Abbiamo visto che, già prima della morte del Papa, in alcune località certe amministrazioni hanno cercato di mettere i bastoni fra le ruote alle celebrazioni. Dopo il lutto nazionale, con quell’invito alla “sobrietà” che fa ridere ma, in realtà, è sottile, siamo al “liberi tutti”.
Il corteo più importante, quello di Milano, è un momento cruciale, è un evento ufficiale, nazionale, per certi versi anche formale, ma è anche il momento in cui si prende una gran boccata di ossigeno per i dodici mesi successivi.
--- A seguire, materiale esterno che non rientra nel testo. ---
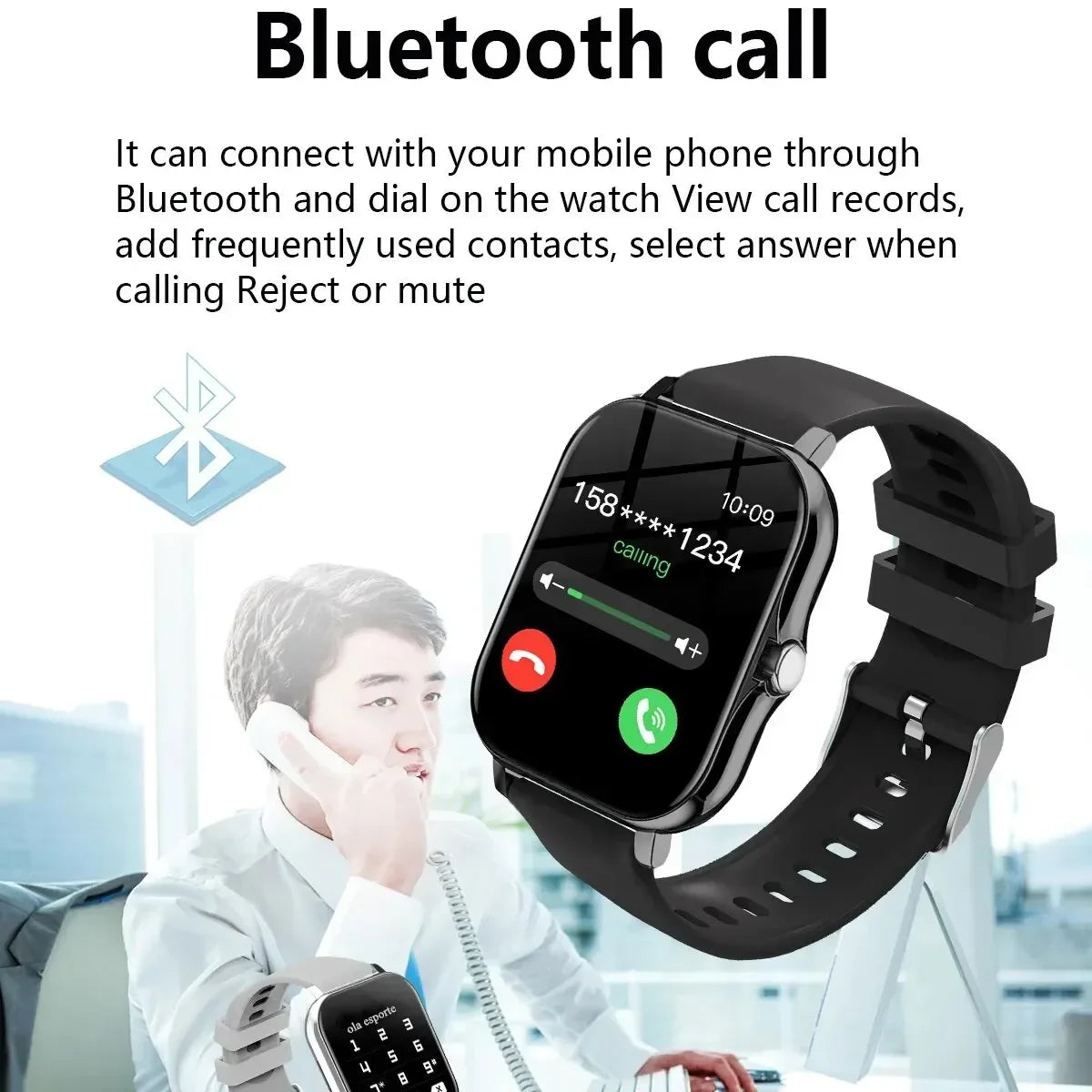 Smart Watches For Men Women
Il momento in cui ci ritroviamo e ci diciamo con lo sguardo: “Ok, ci siamo, nonostante tutto”. Per questo il corteo di Milano è il bersaglio grosso.
In un’epoca di stanchezza e demotivazione, di distanza dalla politica, disincentivare la partecipazione al 25 aprile è strategico per chi conta proprio sul fatto che diventi normale stare a casa, dalle piazze, dai cortei, dalle urne, fino a quando la democrazia non sarà svuotata.
Il corteo di Milano non si fiacca in un anno, non in due, ma forse in qualche anno sì.
Bisogna stare concentrati, guardare alla luna e non al dito, fare fronte comune, stare dalla parte giusta anche se la compagnia non è sempre la nostra preferita.
Buon 25 aprile!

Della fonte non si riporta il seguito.